The EU established its privileged partnership with the Eastern and Southern shores of the Mediterranean back in 1995 with the launch of the Euro-Mediterranean Partnership at the Barcelona Conference, establishing the goal of an area of peace, stability, economic prosperity, upholding democratic values and human rights.
EU cooperation with the Southern Neighbourhood takes place in the framework of the European Neighbourhood Policy (ENP) and includes ten partner countries: Algeria, Egypt, Israel, Jordan, Lebanon, Libya, Morocco, Palestine*, Syria and Tunisia.
The ENP was launched in 2004 to strengthen the prosperity, stability and security for all. Currently, cooperation is suspended with Syrian authorities but the EU maintains direct support to the Syrian population.
To relaunch and strengthen the strategic partnership between the European Union and its Southern Neighbourhood partners, the European Commission and the High Representative adopted on 9 February 2021 a Joint Communication proposing an ambitious and innovative new Agenda for the Mediterranean. It includes a dedicated Economic and Investment Plan to spur the long-term socio-economic recovery in the Southern Neighbourhood.

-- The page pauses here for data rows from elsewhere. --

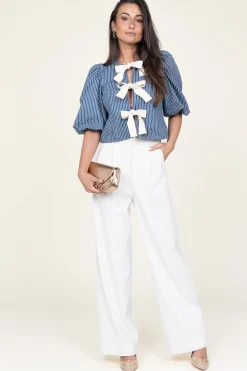 Striped Top With Bow Details Billy | Blue... | Co'Couture | Little Soho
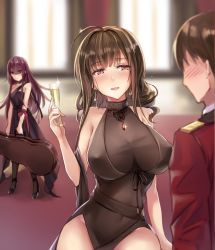 Rule 34 | 1boy, 2girls, :d, ahoge, alternate costume, arm ribbon, bare shoulders, black dress, black footwear, black gloves, black legwear, blunt bangs, blurry, blurry background, blush, breasts, brown hair, cello case, champagne flute, choker, cleavage, commander (girls&#039; frontline), commentary, commentary request, covered erect nipples, covered navel, cup, dress, drinking glass, dsr-50 (girls&#039; frontline), dsr-50 (highest bid) (girls&#039; frontline), earrings, gem, girls&#039; frontline, gloves, griffin &amp; kryuger military uniform, groin, hair ribbon, half-closed eyes, head tilt, high heels, holding, holding cup, holding drinking glass, indoors, jealous, jewelry, large breasts, long hair, military, military uniform, multiple girls, no bra, official alternate costume, open mouth, pantyhose, pumps, purple hair, red eyes, red gemstone, red ribbon, ribbon, see-through, shaded face, shawl, sidelocks, single strap, smile, sparkle, thighs, uniform, very long hair, wa2000 (ballroom interlude) (girls&#039; frontline), wa2000 (girls&#039; frontline), weapon case, yuemanhuaikong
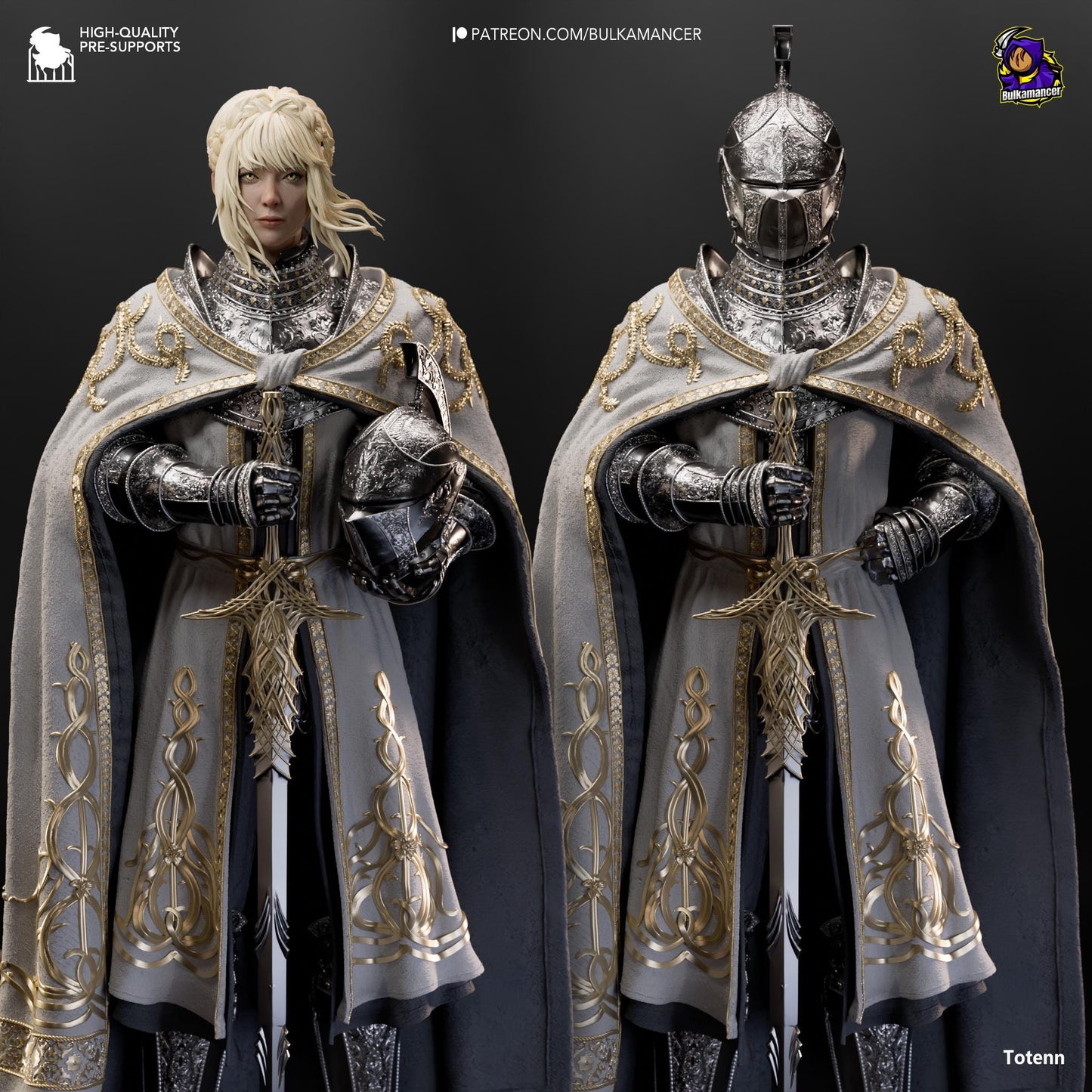 Eingeschworene Duellantin Garage Kit - Treue Ritterin der Schattenlande im Maßstab 1:8 - 3D-gedruckte Bulkamancer Harzfigur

Migration ranks high on the EU agenda with partner countries
As a response to the migratory emergency of 2015, the EU set up the EU Emergency Trust Fund for Africa to support international partners in Africa in achieving the objectives of the Valletta Declaration. Similarly, in 2014 the EU Regional Trust Fund in response to the Syrian crisis (Madad Fund) was established to address the critical needs of Syrian refugees, their host communities and displaced populations.
Both Trust Funds officially ended in December 2021, with projects running until June 2025. However, as challenges remain, support continues under the newly established Neighbourhood, Development and International Cooperation Instrument – Global Europe (NDICI - Global Europe)

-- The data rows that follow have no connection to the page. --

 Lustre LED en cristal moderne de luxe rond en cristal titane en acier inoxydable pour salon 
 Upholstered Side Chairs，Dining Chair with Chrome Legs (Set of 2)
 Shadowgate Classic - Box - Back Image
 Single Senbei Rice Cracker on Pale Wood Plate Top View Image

From 2007 until 2020, the EU has allocated €20.5 billion for financing its cooperation in the Southern Neighbourhood through its successive European Neighbourhood financial instruments.

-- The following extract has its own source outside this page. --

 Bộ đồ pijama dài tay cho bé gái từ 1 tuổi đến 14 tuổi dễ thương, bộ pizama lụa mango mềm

The new EU's Neighbourhood, Development and International Cooperation Instrument (NDICI) replaces the European Neighbourhood Instrument and will cover the period 2021-2027. Over these years, up to € 12 billion will be allocated to finance the European Southern Neighbourhood Policy’s objectives and priorities through various means: grants, blending and guarantees, with an expected leverage effect on mobilising additional public and private investment in the region.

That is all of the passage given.